Rome has been sacked


The drama of the sacking as caught by French painter Jean Noel Sylvestre in 1890
The first sack of Rome helped hasten the end of the empire

The first casino to open in Atlantic City in May of 1978; in Nevada we watched in awe as people stood in lines for hours for a chance to take a chance at one of the table games or slot machines.  The streets may not have been paved with gold, but the casino was certainly awash in cash. From the beginning it was a calculated risk, instead of building a brand new property Resorts International remodeled an old hotel – Chalfonte-Haddon Hall Hotel that has originally opened in 1868, but had been moved and remodeled with additions at the beginning of the 20th century; using the old building gave Resorts a huge head start over the next casinos. Resorts was gambling that a year or so head start would guarantee, not only a year of huge profits, but a permanent position as a market leader.  The gamble was successful at first, but as other new and more exciting casinos opened Resorts slipped farther and farther back in revenues, until it was in last place and finally into bankruptcy and repossession.
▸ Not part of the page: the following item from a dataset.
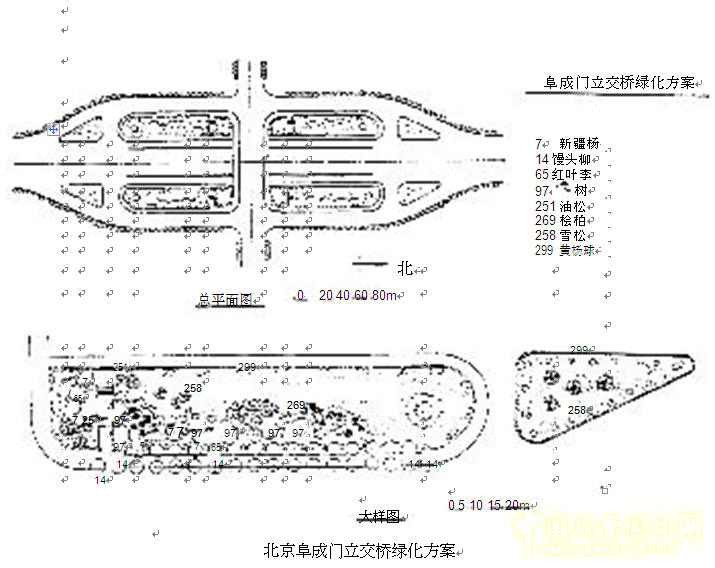 劉秀晨 綠色的云 北京 城市道路 綠化 中國風景園林網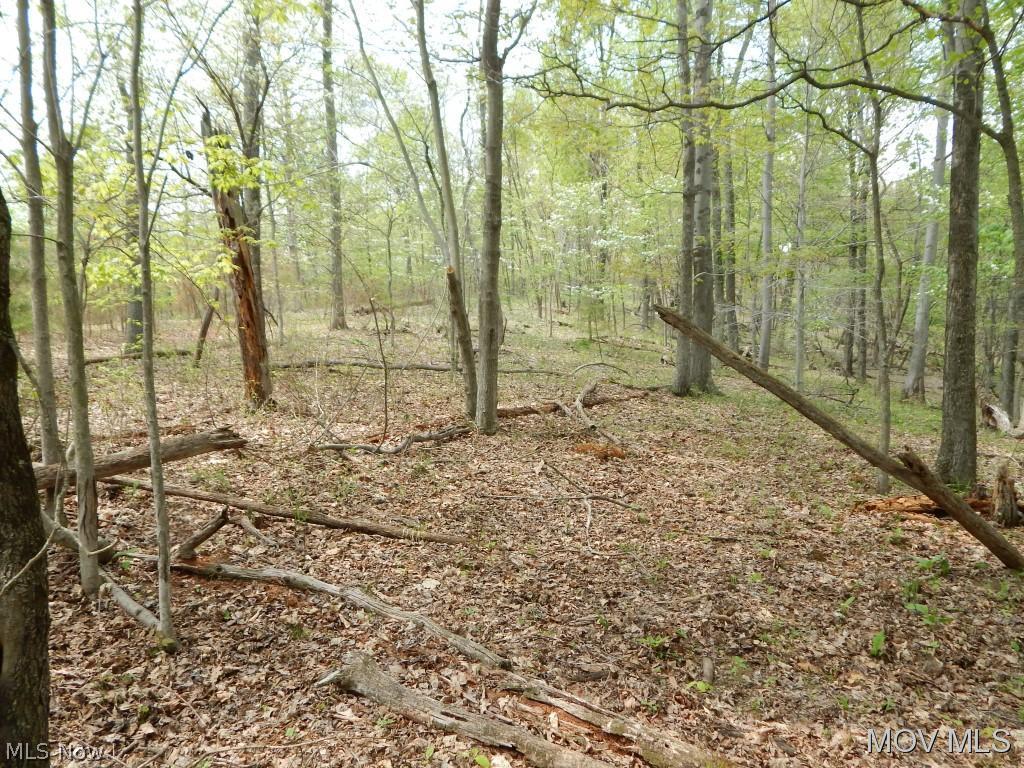 1474 Sheeps Run Road Petroleum, WV 26161 - Photo 10 of 15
Of course, today all of Atlantic City is in somewhat the same position, the upstarts in Pennsylvania are all newer, more exciting and more importantly much closer to what used to be the customers of the Atlantic City casinos.  This week Dennis Gomes purchased Resorts – no price has been released, but it is less than $140 million dollars the price last time it sold in 2001, but probably more than the $2.5 million Resorts International paid for the hotel in 1978.. Dennis has had a very successful and storied career; his rise to fame began when he uncovered a scam at the Stardust in Las Vegas – that case altered gaming control permanently and lead to significant advances in internal controls. He has also been successful in Atlantic City as an operator, but never the owner. Everyone from the head of the New Jersey gaming regulatory agency to the lowest level employee in the city hopes that Gomes can perform a miracle and restore the glory to Resorts and Atlantic City.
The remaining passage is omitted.